Standing for political office can have some odd benefits. Take Monty Brewster. His task was to spend $30 million in 30 days in order inherit $300 million. And try as he could, he found it hard to spend the money. Then he formed a plan and he ran for the position of Mayor of New York. That cost him a packet. Of course, I am talking fiction.
Brewster’s Millions, the movie in which the late Richard Prior played the eponymous central character, was a good tale about money, and how the number of your friends can be closely correlated with how much money you are spending.
But I also remember it as a story about how expensive it is to seek political office. Judging by the recent attempt by some Republican politicians to stand for leadership of the Republican Party, I wonder if their motivation was much the same as Brewster’s. But maybe Donald Trump has a similar idea, but with a somewhat different angle.
Has he been throwing his millions, or is that billions, at becoming President? No, instead, his billions have bought him credibility, as he stands on the platform of ‘brilliant businessmen’. Not that everyone sees him in that light. Warren Buffett, who really is a brilliant businessman/investor, recently said that a monkey throwing darts could have made a better return than Trump from his investments.
As it happens, I think Mr Buffett is being unfair, because frankly he knows next to nothing about the ability of monkeys to throw darts. Now I am not saying that Mr Trump’s performance stands comparison with a monkey, but I suspect that if we were to research this more thoroughly, we would find that the monkey’s performance might have in fact been a lot better.

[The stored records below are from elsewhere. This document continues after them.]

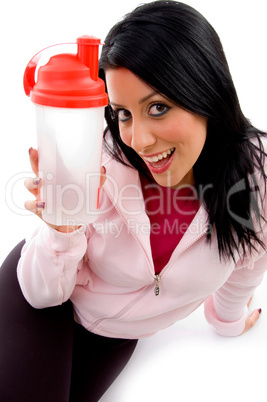 front view of smiling female with bottle on white background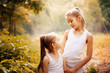 © svetabezu - Childhood, family, friendship and people concept - two happy kids sisters hugging outdoors.
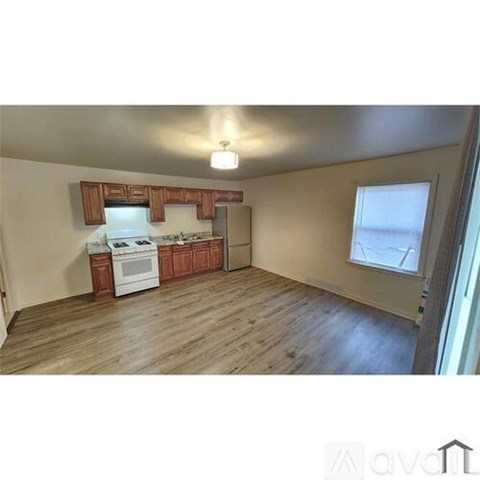 A kitchen with a white stove top oven and wooden cabinets.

As it happens, the Trump presidential campaign has largely been funded by the public. In July, he raised around $82 million, largely through small donations. Trump himself has said that he has self-funded his campaign, although not everyone was impressed when it emerged that around $1.1 million was paid out to his family and business contacts. But some have suggested that an awful lot of the costs associated with his campaign have involved payments to his very own companies.
The New York Times quoted Paul S. Ryan, an expert on campaign finance with the US Legal Center, as saying that Trump “could end up turning a profit if he repaid himself for the campaign loans.” Adding: “He could get all his money back plus the profit margin for what his campaign has paid himself for goods and services.”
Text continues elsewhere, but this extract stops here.